Month on month prices increased by 0.3% and quarter on quarter they were down by 0.7%, taking the average price of a home to £225,654.
Russell Galley, managing director of the Halifax, said that both price growth and sales have softened compared to the final months of 2017 even although the jobs market is seeing strong growth.
But he pointed out that halfway through the year the annual rate of growth is within the lender’s forecast range of 0% to 3% for 2018. ‘We continue to see very positive factors of continuing low mortgage rates, great affordability levels and a robust labour market. The continuing shortage of properties for sale should also continue to support price growth,’ he added.
Russell Quirk, chief executive officer of hybrid estate agent Emoov, believes that the market will see stable growth in 2018 and an uplift in activity in the second half of the year. ‘Property values are still up annually while supply levels remain subdued and continue to be exceeded by buyer demand as a result of mortgage affordability. These are not the ingredients for a market crash,’ he said.
There is a lack of energy and direction in the property market, according to Jonathan Samuels, chief executive officer of property lender Octane Capital. ‘While the jobs market may be strong and mortgage rates still highly competitive, many households continue to feel the pinch and remain wary of the potential fallout from Brexit,’ he said.
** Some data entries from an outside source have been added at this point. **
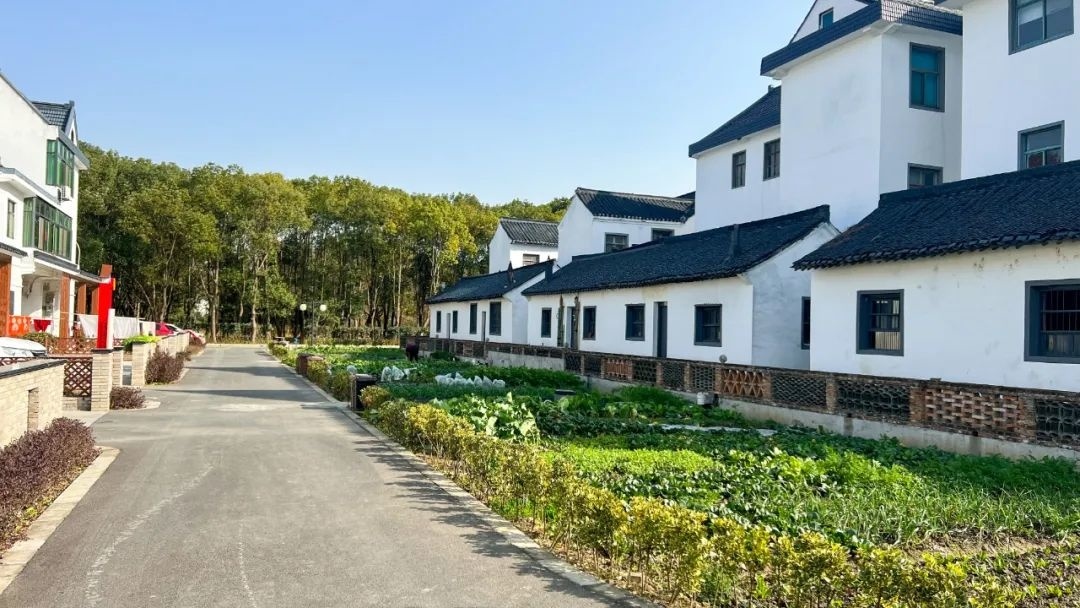 来金山张堰百家村开启你的冬日游玩之旅吧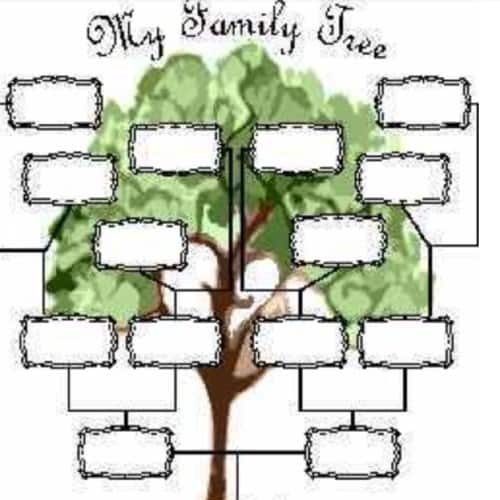 Biareview Family Tree Maker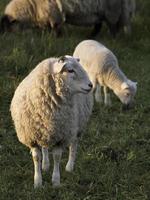 Sheeps in westphalia photo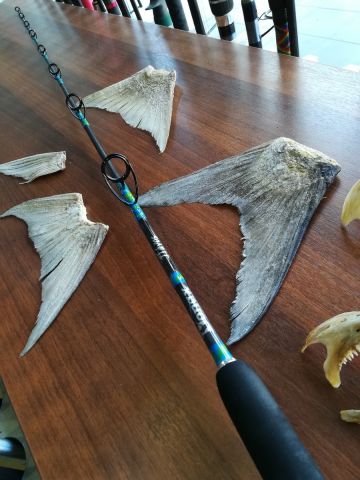 DONAX Vertical Jigging Custom Rods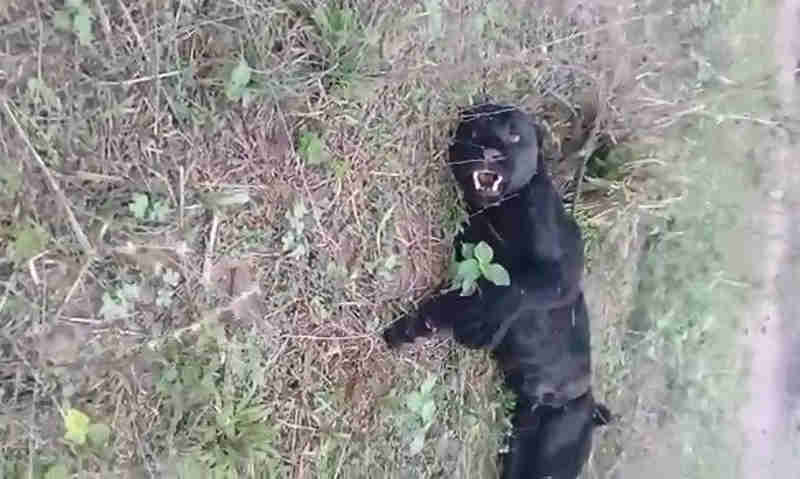 Vídeo mostra onça-pintada negra amarrada e ameaçada de morte por fazendeiros; veja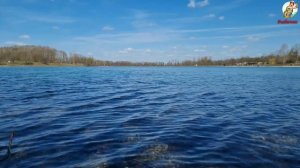 Ловля плотвы весной . Как ловить плотву весной.Где искать плотву на водоеме весной.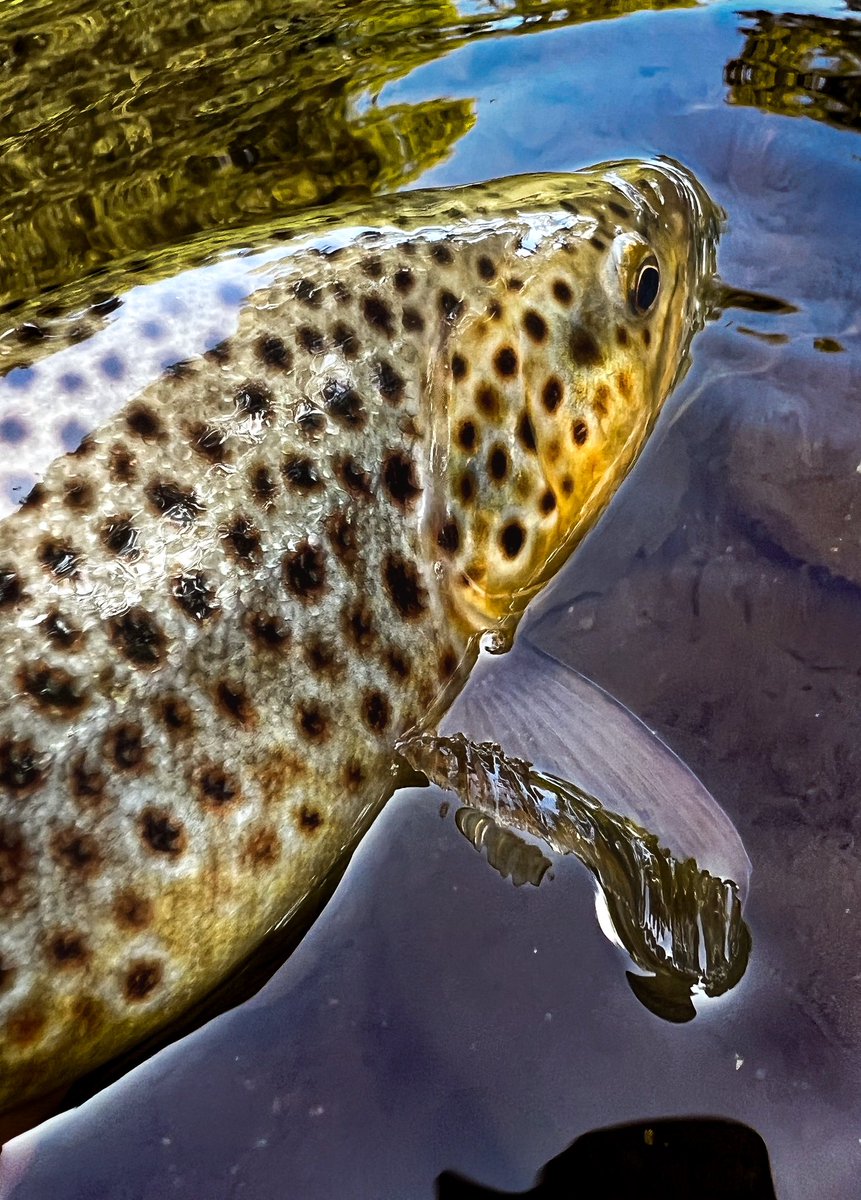 A few fly changes, moving from an upstream dry to downstream and being patient paid off.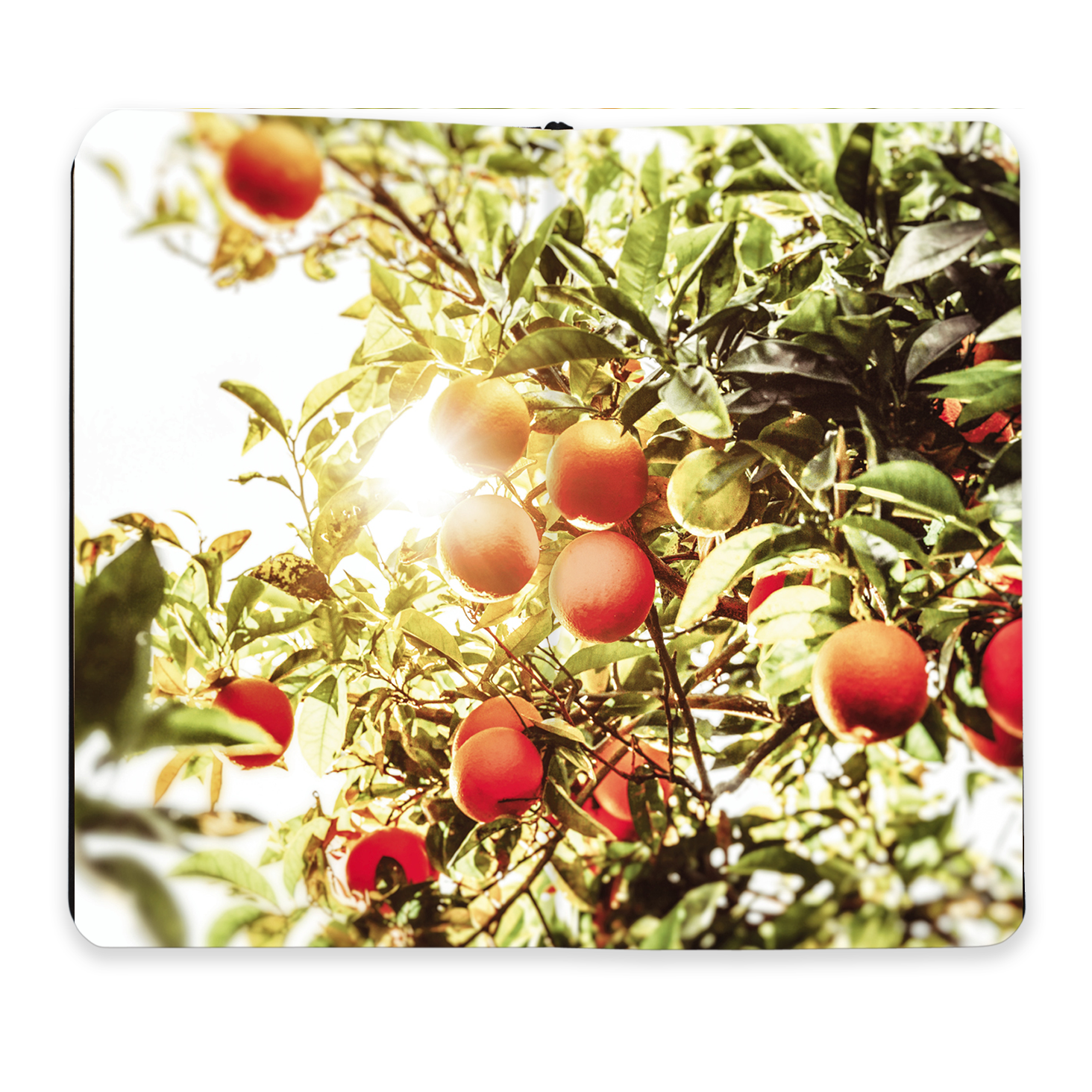 sime srl - Wholesale Journal/Diary - Reisetagebuch, Notizbuch, Journal, Sicily, Sicily,5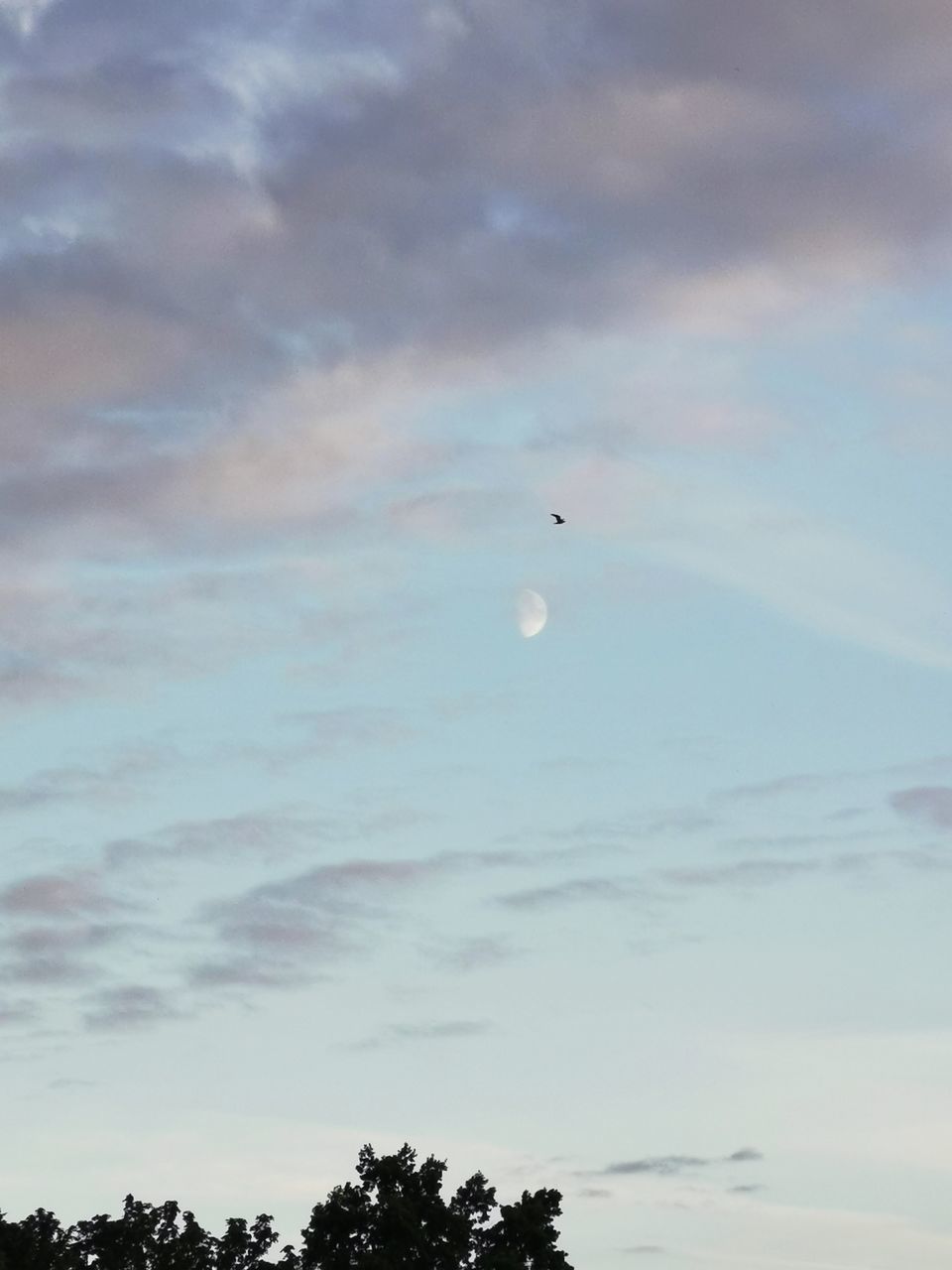 sky, cloud, flying, tree, nature, beauty in nature, low angle view, plant, mid-air, no people, scenics - nature, moon, tranquility, outdoors, tranquil scene, bird, horizon, silhouette, animal themes, animal, day, air vehicle, dawn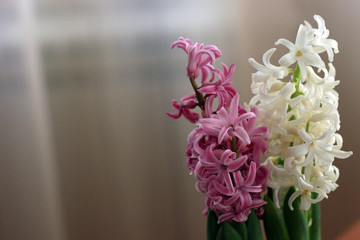 Bouquet of pink and white hyacinths. Mock up with flowers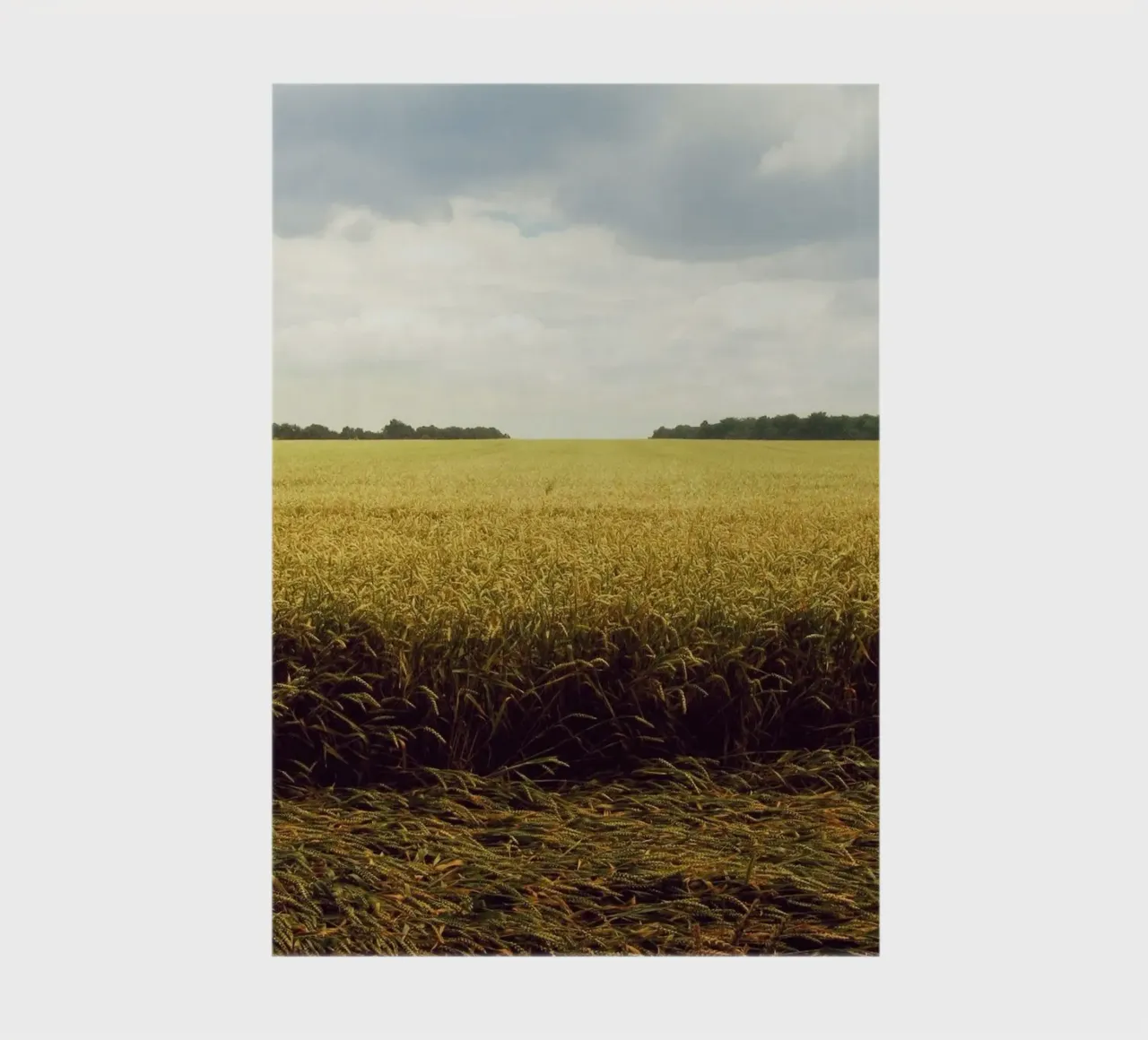 cereal grains landscape notebook by Horsire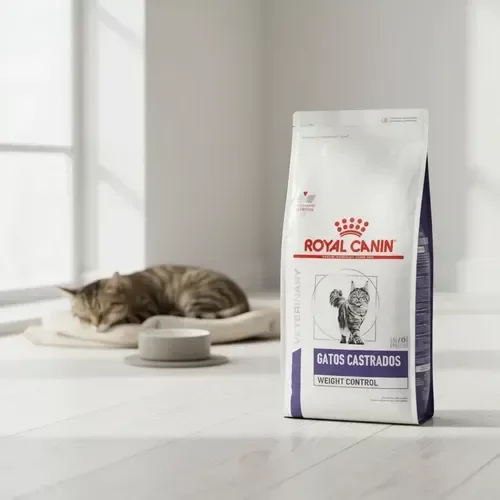 Producto - ROYAL CANIN GATOS CASTRADOS WEIGHT CONTROL X 3 KG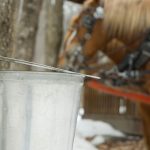 Maple Syrup Sap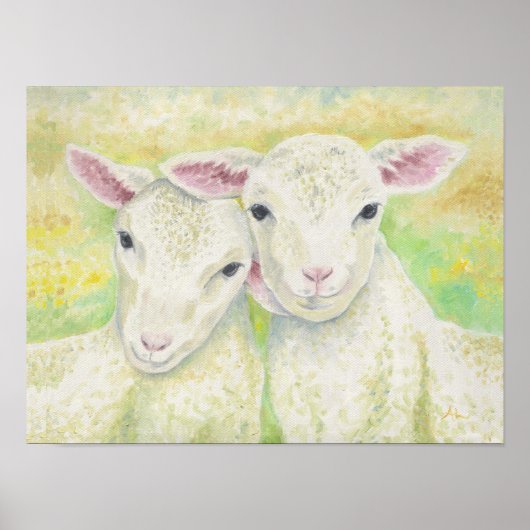 Lamb Pair Poster (Vorne)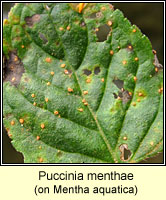 Puccinia menthae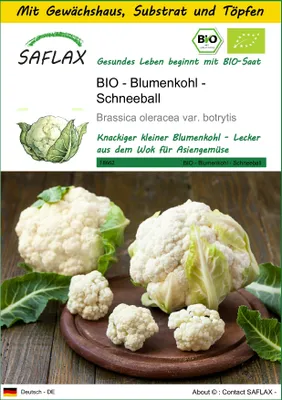Produktbild von SAFLAX Anzucht Set - BIO - Blumenkohl - Schneeball - Brassica oleracea var. botrytis - 70 Samen - Mit Mini-Gewächshaus, Anzuchtsubstrat und 2 Töpfen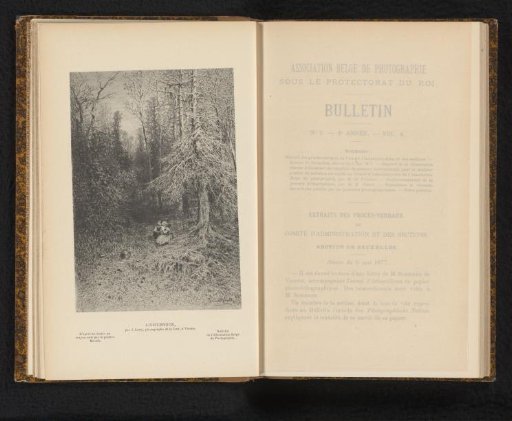 Reproduction of a drawing of two children in a forest by Julius Marzak
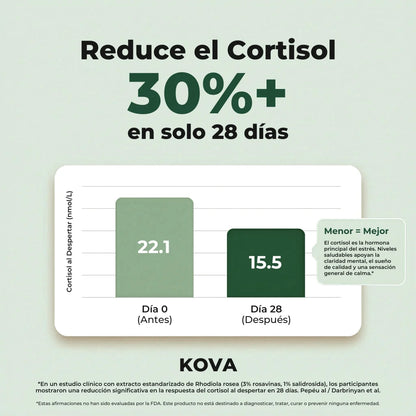 Rhodiola Rosea – Cortisol Alto. Energía Baja. Esto lo Cambia.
‘You’d expect July to be equally lacklustre while people wait and see whether the Bank of England increases rates next month following this week’s strong construction and services sector data. The chances of a rate rise have just increased and that is likely to dampen activity levels further during July,’ he pointed out.
‘As ever, the lack of homes on the market will prevent prices going into freefall. For anyone keen to buy, there are slim pickings at present. It’s a buyers’ market and many prospective sellers are choosing to sit it out rather than take a hit,’ he added.
Lucy Pendleton, director of independent estate agents James Pendleton, explained that sales, new buyer enquiries and supply have been depressed for some time now and ever fewer numbers of buyers line up for homes that have seen prices shoot up over the past few years.
‘This is being masked in part by the stamp duty relief for first time buyers and the Help To Buy Scheme which are turning renters into buyers. This has to come to a head eventually with the gap between sellers’ expectations and buyers’ bids closing up,’ she said, adding that it has started to happen, particularly in London.
‘The national trend of prices fading from record highs lately shows it has started happening more widely, as it must if the market is to avoid seizing up. The more prepared both buyers and vendors are to adjust their expectations, the less of a consolidation in prices you can expect to see, all other things in the economy being equal of course,’ she concluded.